Wednesday, 18 November 2015

I think there’s something stupid about moaning about the inevitability of getting older (I mean, but yes, things get scarier)


I got really annoyed this week at a feminist commentator asking people to stop referencing the fact she heading towards her 30th. She’s younger than me (and Gaga with whom I share a birthday week) and it was the first time someone moaning about turning 30 annoyed me. Cos, ok, each new decade is a right of passage. BUT one: you’re in the public eye people are going to know your age. And two: own it, and don’t say with one breath 'will people stop mentioning I’m 30 it’s not a big deal' and with the next say, 'actually turning 30 is a feminist issue as being 30 is so different for women than for men'. GAH.

I think there’s something stupid about moaning about the inevitability of getting older, boo fucking hoo. I mean yes things get scarier – will I have kids – will I meet someone who is sexually and intellectually fulfilling – will work be ok – why does everything I read in the news break my heart will everyone realize I’m a fraud – will I get a dog – is it necessary for my periods to reach levels of world ending pain – am I ever going to stop pretending I may one day be a Blue Peter presenter? But hey there are questions all the time about everything. They only get more urgent if we allow them too. There’s a solution to every problem and sometimes it’s the solution we least expect.

And all this with a pinch of the LOL salt – as I’m still not very old at all. But things are changing… some are magic, some are a bag of balls. My cheekbones have appeared, they are now right there on my face not hidden beneath two inches of puppy fat – bones generally seem to be appearing, collarbones, knee bones, hand bones, shin bones. BONES. I am strong. I feel strong and aware of my body, I’m ‘devil may care on my bike’ as a boy told me last week. But I can balance on high things, and do that stand up from being on my toes dirty dance thing, and do a whole gym class without feeling dizzy. I feel like if I wanted to, I could try a cartwheel. (I won't, I'll damage myself. BUT I COULD)
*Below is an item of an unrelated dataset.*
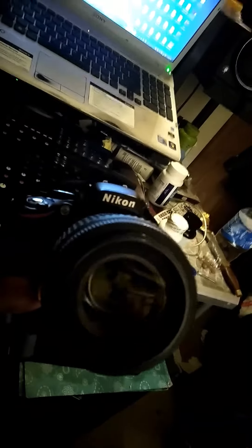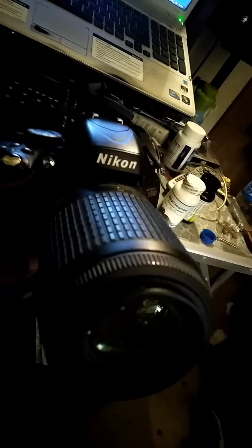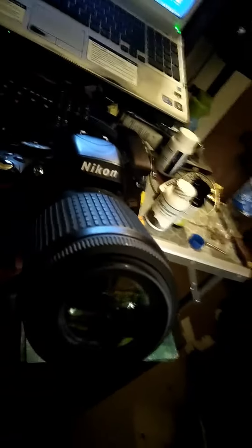I did a video with it. I took some pictures with it. It came out pretty good. I'm going to send you the video link soon of what I did with this lens — the pictures and the video — and I'll let you judge for yourself.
I can recall songs in pub quiz rounds, this is a whole new skill – I have a huge encyclopedia of brain pop but have never been good at recalling it. I am now.

Sometimes I look in the mirror and feel like I’d like to wear a balaclava until the day I die. But more often than not I’m kinda cool with what I see. I joke ‘I only need to lose weight for the people that look at me’ and I mean it, as far as I’m concerned, what I got ain't bad. It does walking and talking and my hair is fucking cool.

Older men and younger men flirt with me. LOLZ. Silver foxes and gorgeous twenty year olds with loads of hair. Some men still find me terrifying; these men now make me laugh. Some women find me terrifying; and I want to be friends with them so I try, and don’t worry when I don’t succeed.

Look. Things can be rubbish, really rubbish, but getting annoyed with people for merely recognising AGE as a thing is plain silly. I’m NEARLY 30 and I'm saying ain’t nobody got time for that.